◆ THE TASK: Set each record down exactly, excluding all images.

◆ GIVEN ENTRIES:
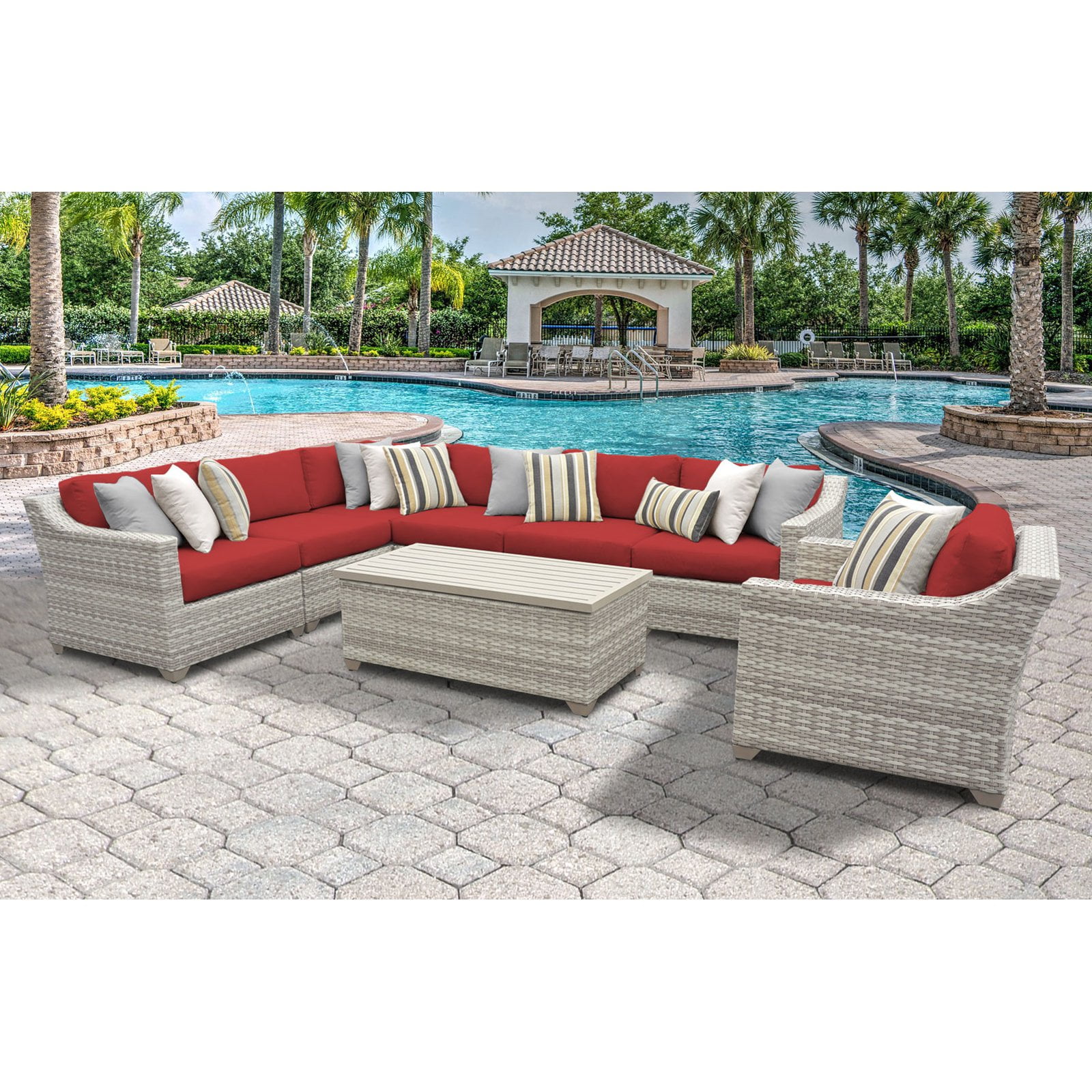 TK Classics Fairmont All Weather Wicker 8 Piece Corner Sectional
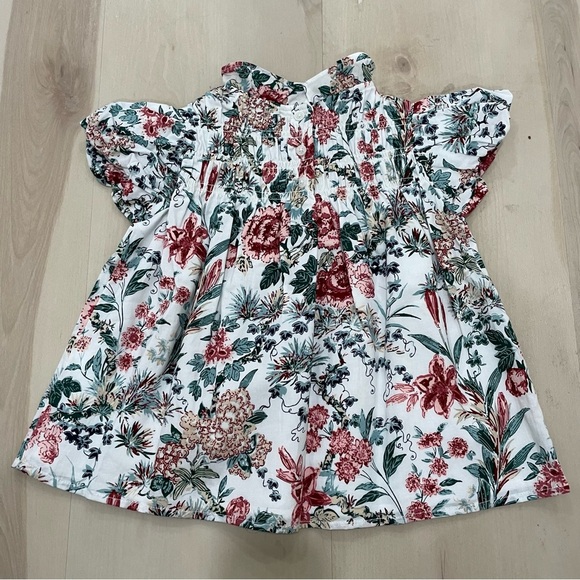 Janie and Jack Girl’s Size 3 The Olivia Smocked Top Short Bubble Sleeves Floral - Picture 11 of 13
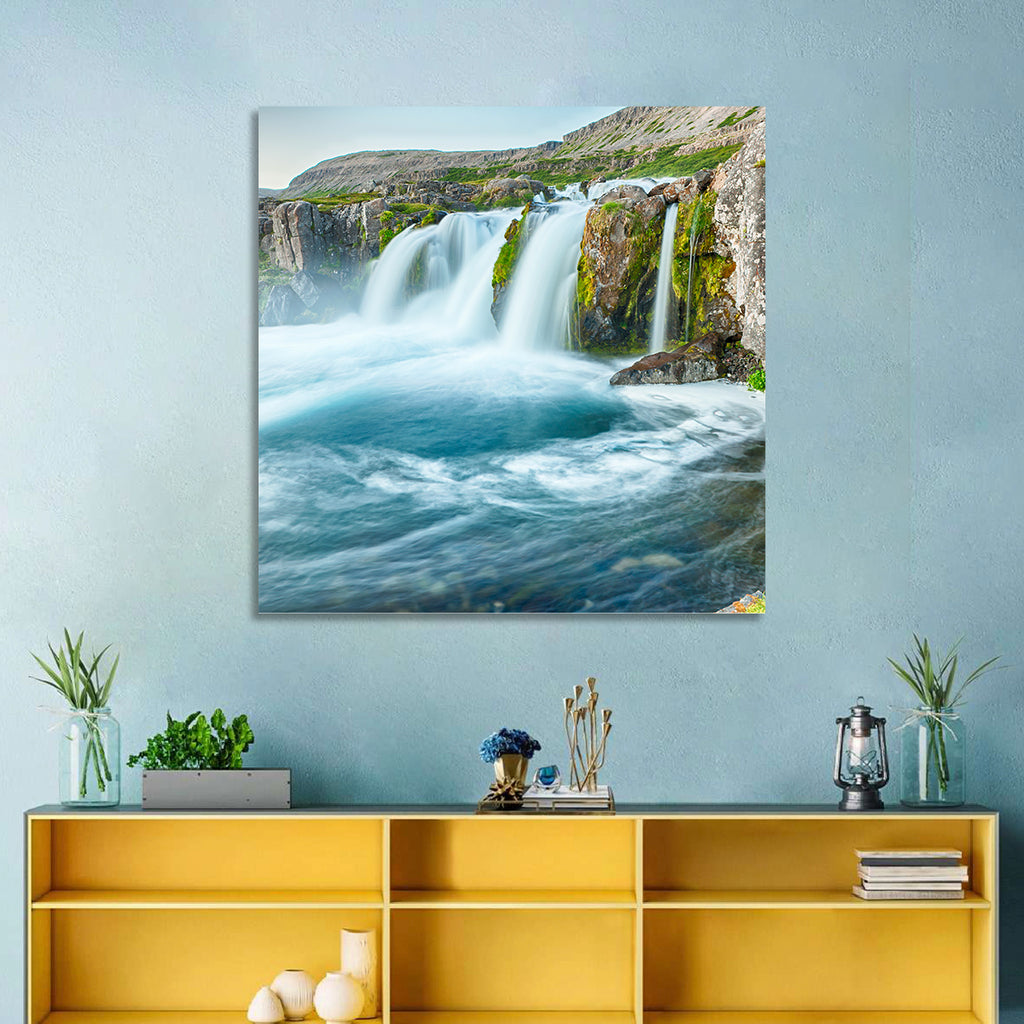 Dynjandi Waterfall Mist and Moss Wall Art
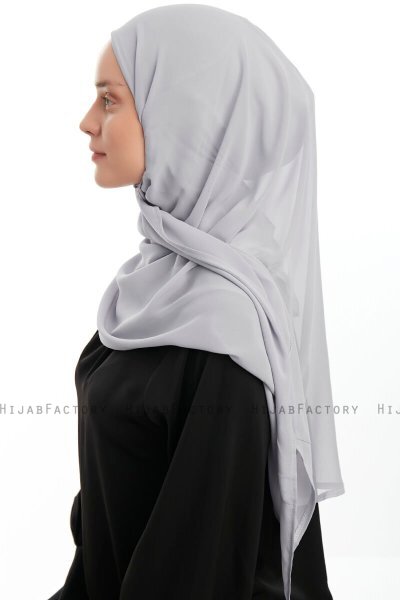 Eylem - Lysegrå One Piece Chiffon Hijab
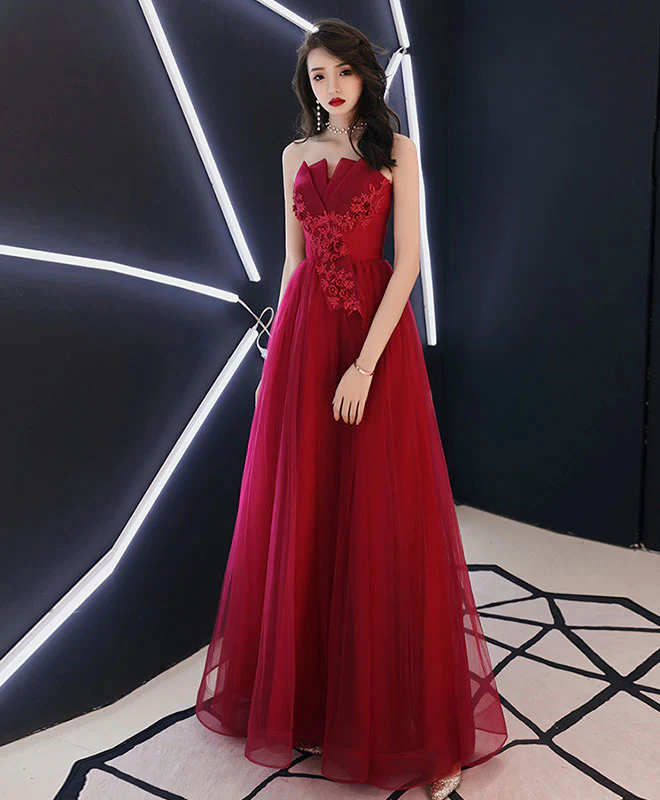 Simple Burgundy Long Prom Dress, Burgundy Evening Dress - Deanwangkt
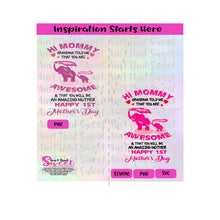 Hi Mommy Grandma Told Me That You Are Awesome-Elephants-Happy 1st Mother's Day-Pink - Transparent PNG, SVG  - Silhouette, Cricut, Scan N Cut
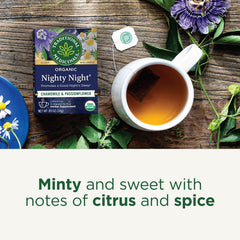 Traditional Medicinals Nighty Night label emphasizes organic, kosher certification and herbal blend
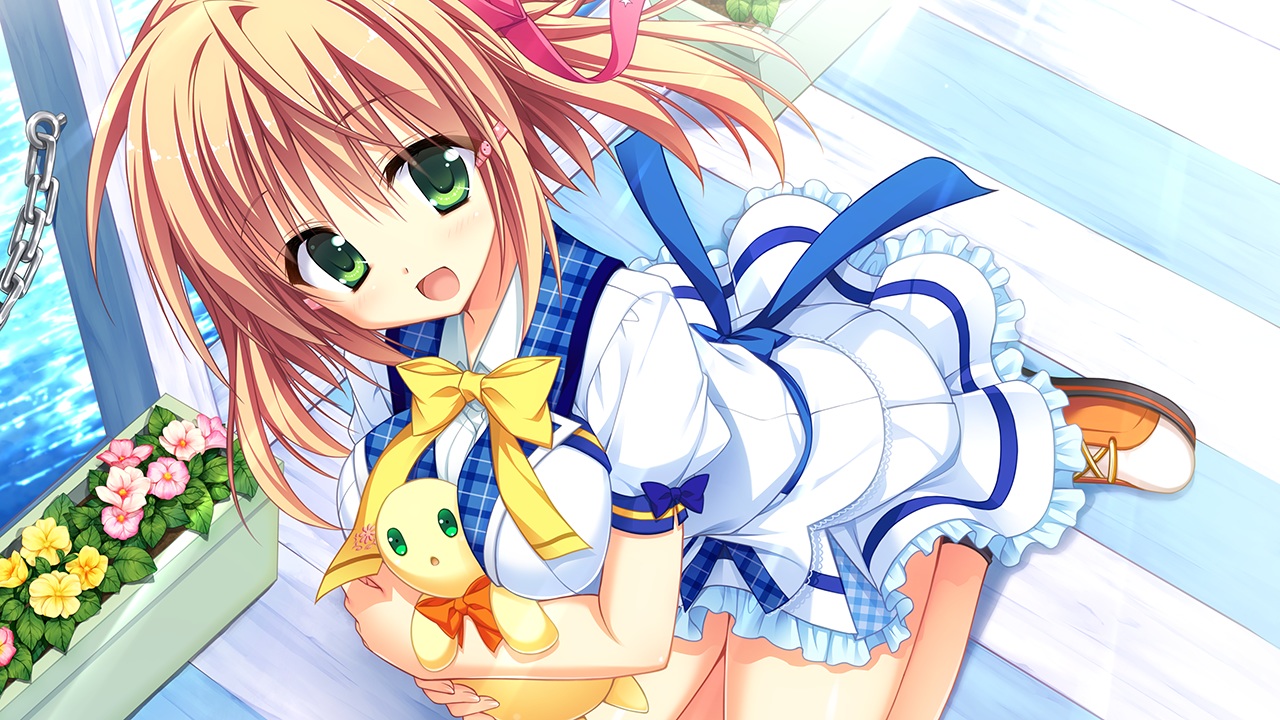 bow, brown_hair, flowers, game_cg, green_eyes, hontani_kanae, karumaruka_circle, otone_nicole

◆ SOLVED EXERCISE:
 TK Classics Fairmont All Weather Wicker 8 Piece Corner Sectional
 Janie and Jack Girl’s Size 3 The Olivia Smocked Top Short Bubble Sleeves Floral - Picture 11 of 13
 Dynjandi Waterfall Mist and Moss Wall Art
 Eylem - Lysegrå One Piece Chiffon Hijab
 Simple Burgundy Long Prom Dress, Burgundy Evening Dress - Deanwangkt
 Hi Mommy Grandma Told Me That You Are Awesome-Elephants-Happy 1st Mother's Day-Pink - Transparent PNG, SVG  - Silhouette, Cricut, Scan N Cut
 Traditional Medicinals Nighty Night label emphasizes organic, kosher certification and herbal blend
 bow, brown_hair, flowers, game_cg, green_eyes, hontani_kanae, karumaruka_circle, otone_nicole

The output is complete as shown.